### What the task asks
Please return the listing exactly as written, but without its pictures.
=== Section Start ===
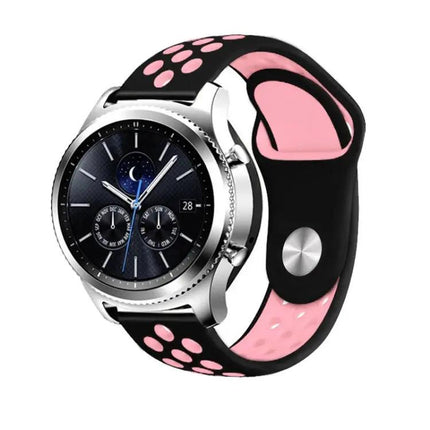 Samsung Gear S4 Active 22mm Two-Tone Silicone Strap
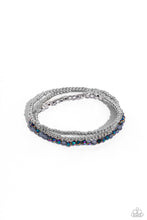 Load image into Gallery viewer, Paparazzi Backstage Beading - Silver Bracelet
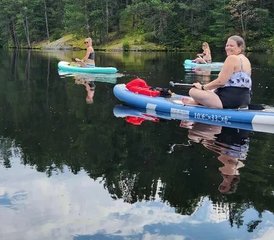 3-Daagse Noordelijke Ontsnapping: Natuur Yoga, Pilates & Water Retreat in Madawaska, Canada - Photo 2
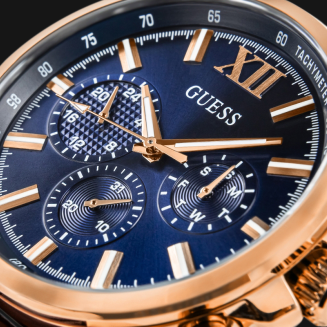 Zegarek Męski Guess Walker GW0901G3 + BOX - 4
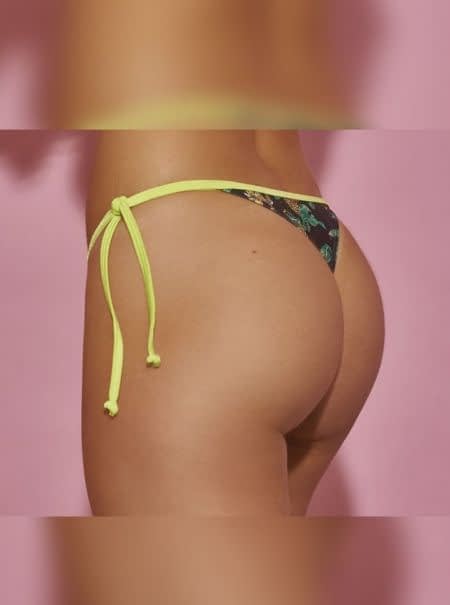 LIQUIDACION -15% DESCUENTO ! MALLA COLALES PARA ATAR DE TRICOT ESTAMPADO CON VIVOS "ROCK IN COLORS"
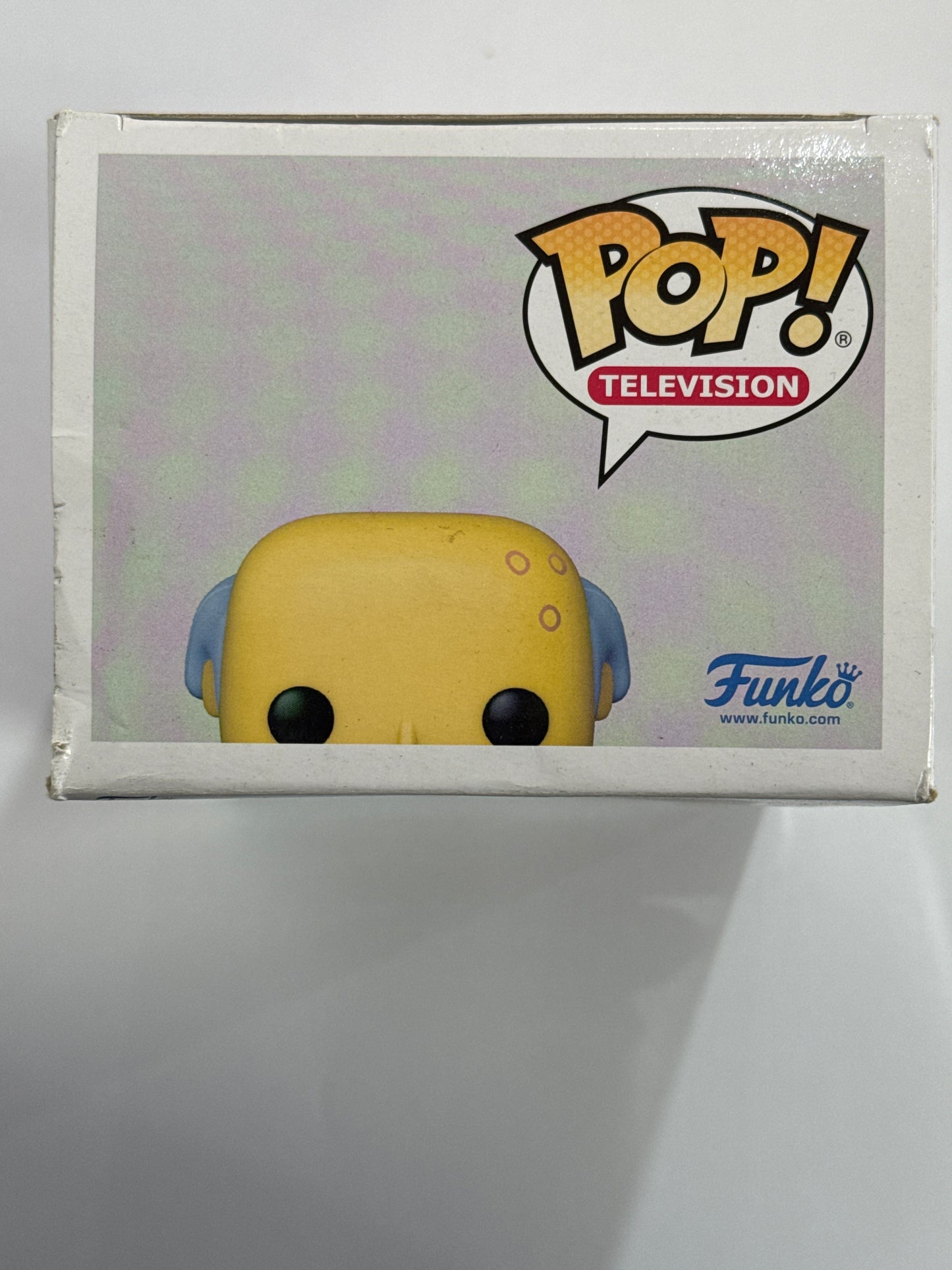 The Simpsons - Glowing Mr Burns US Exclusive Pop! Vinyl #1162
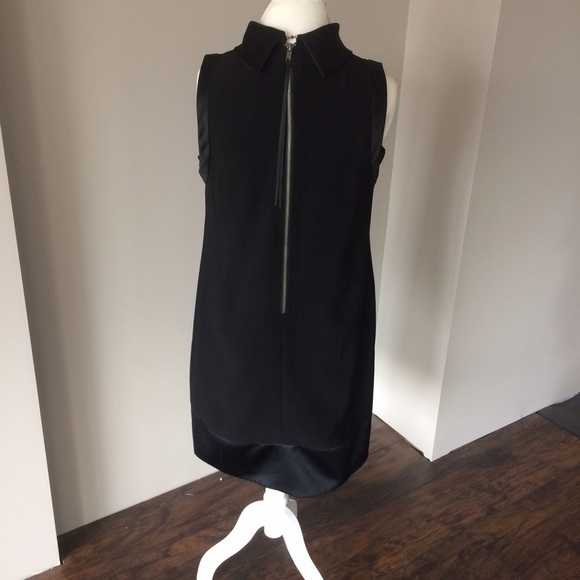 Vera Wang mini black dress size 4 - Picture 5 of 5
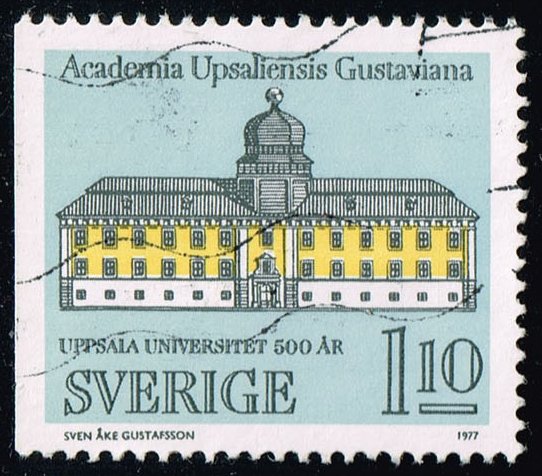 Sweden #1209 Uppsala University; Used
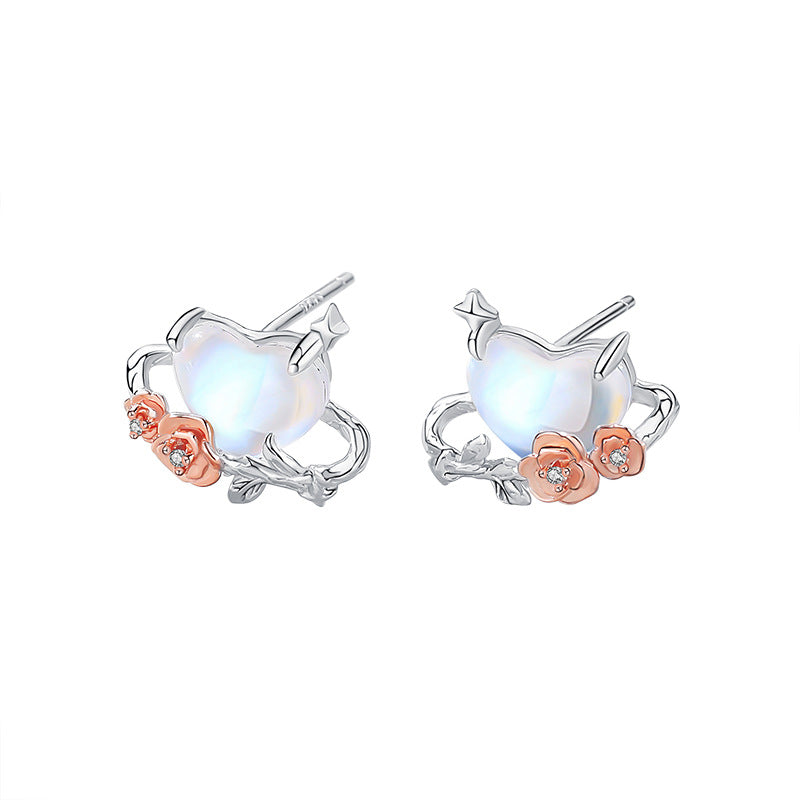 Rosette Romance  Studs
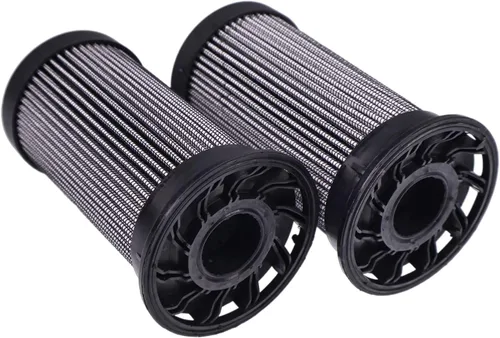 Miniatura 4 de Filtro de aceite hidráulico 2X, cartucho 6692337 compatible con Bobcat A300 A770 S150 S160 S175 T300 T320 T450 S150 S160 S175 S185 S205 S220 S250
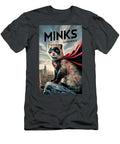 Minks Superhero Rhys Jacobson T-Shirt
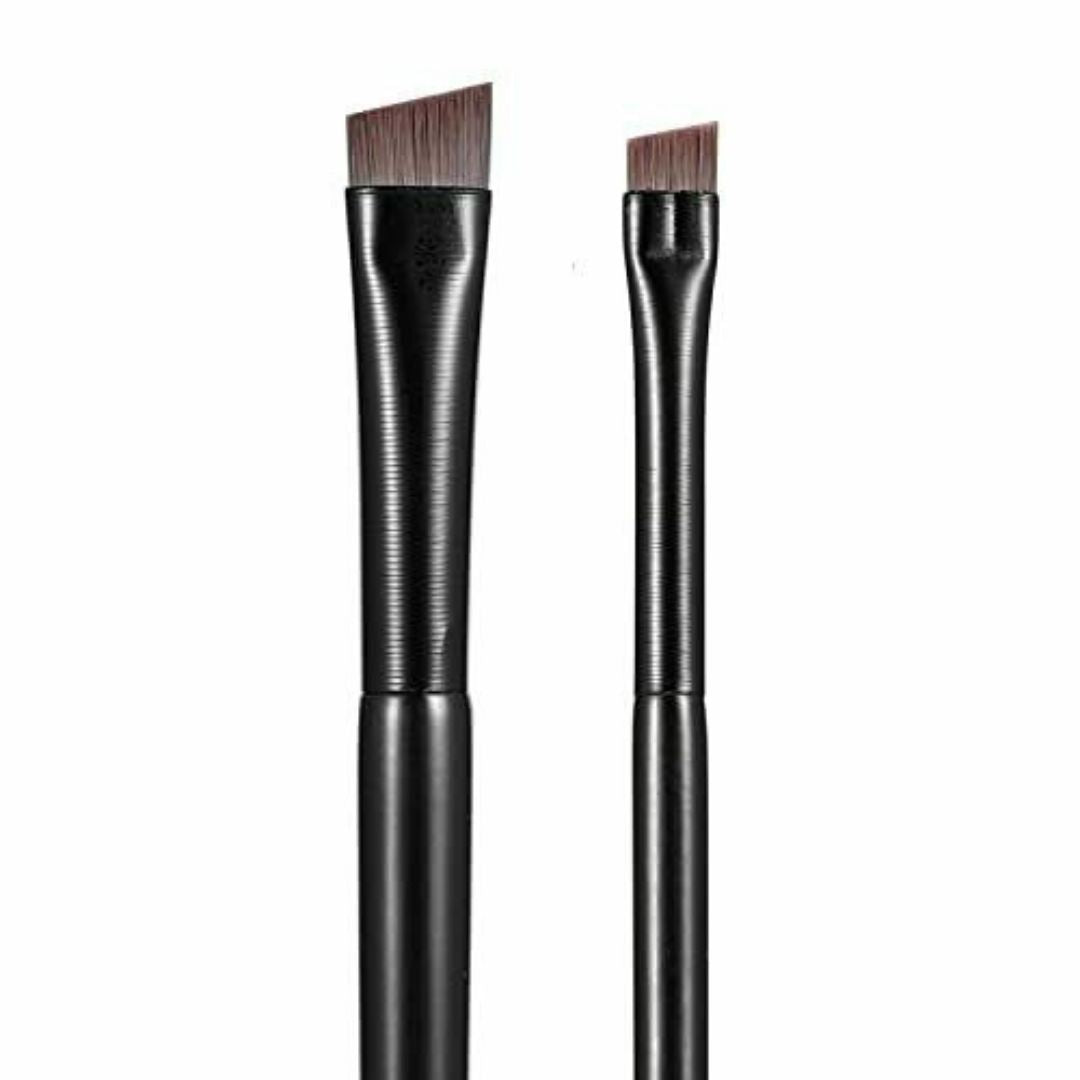 Ultra Thin Angled Flat Fine Brush Set 2 Brushes Skinbae Co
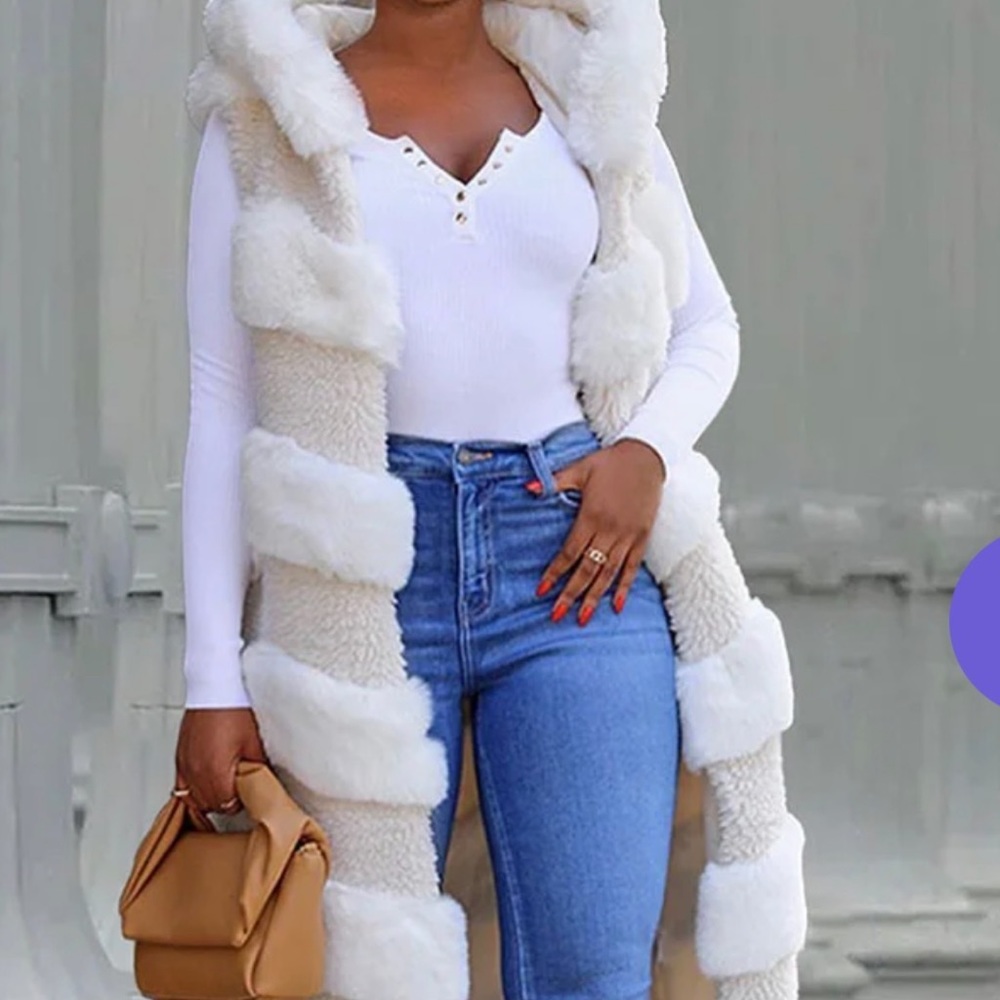 Long vest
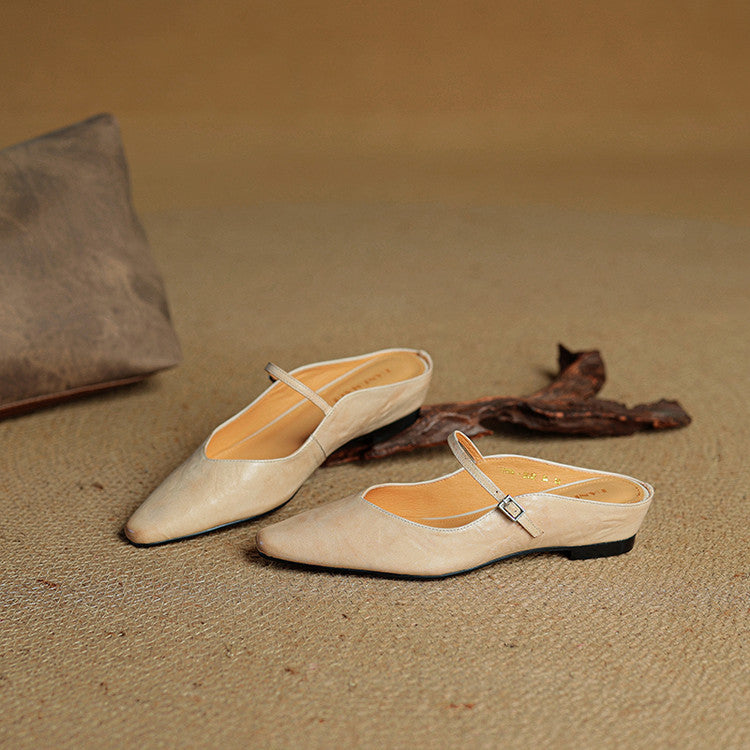 Orella Echtleder Mules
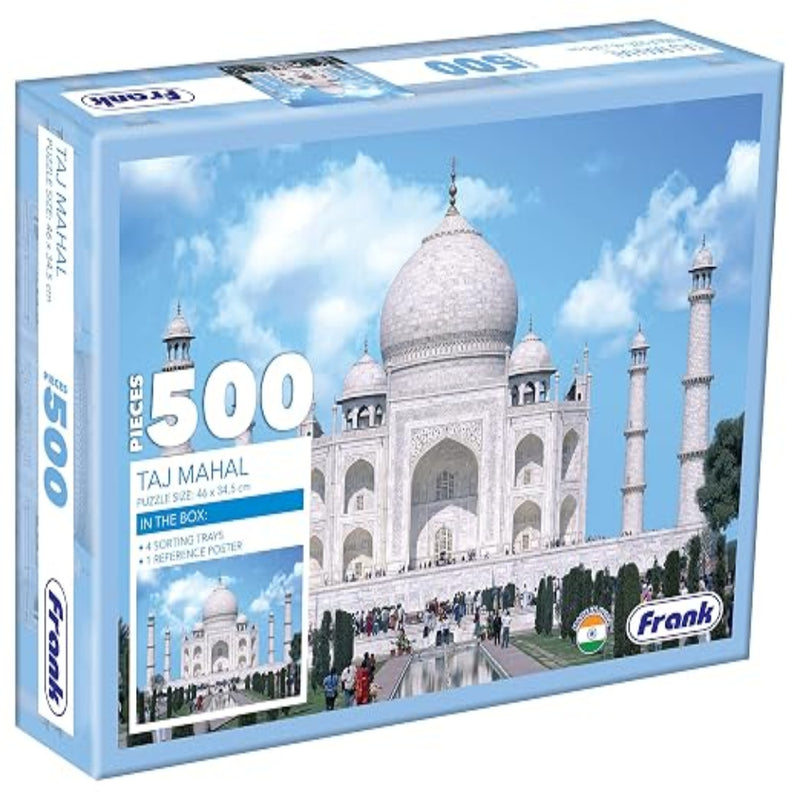 Frank Taj Mahal 500 Piece Jigsaw Puzzle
=== Section End ===
### Exercise solution
 Samsung Gear S4 Active 22mm Two-Tone Silicone Strap
 Load image into Gallery viewer, Paparazzi Backstage Beading - Silver Bracelet
 3-Daagse Noordelijke Ontsnapping: Natuur Yoga, Pilates & Water Retreat in Madawaska, Canada - Photo 2
 Zegarek Męski Guess Walker GW0901G3 + BOX - 4
 LIQUIDACION -15% DESCUENTO ! MALLA COLALES PARA ATAR DE TRICOT ESTAMPADO CON VIVOS "ROCK IN COLORS"
 The Simpsons - Glowing Mr Burns US Exclusive Pop! Vinyl #1162
 Vera Wang mini black dress size 4 - Picture 5 of 5
 Sweden #1209 Uppsala University; Used
 Rosette Romance  Studs
 Miniatura 4 de Filtro de aceite hidráulico 2X, cartucho 6692337 compatible con Bobcat A300 A770 S150 S160 S175 T300 T320 T450 S150 S160 S175 S185 S205 S220 S250
 Minks Superhero Rhys Jacobson T-Shirt
 Ultra Thin Angled Flat Fine Brush Set 2 Brushes Skinbae Co
 Long vest
 Orella Echtleder Mules
 Frank Taj Mahal 500 Piece Jigsaw Puzzle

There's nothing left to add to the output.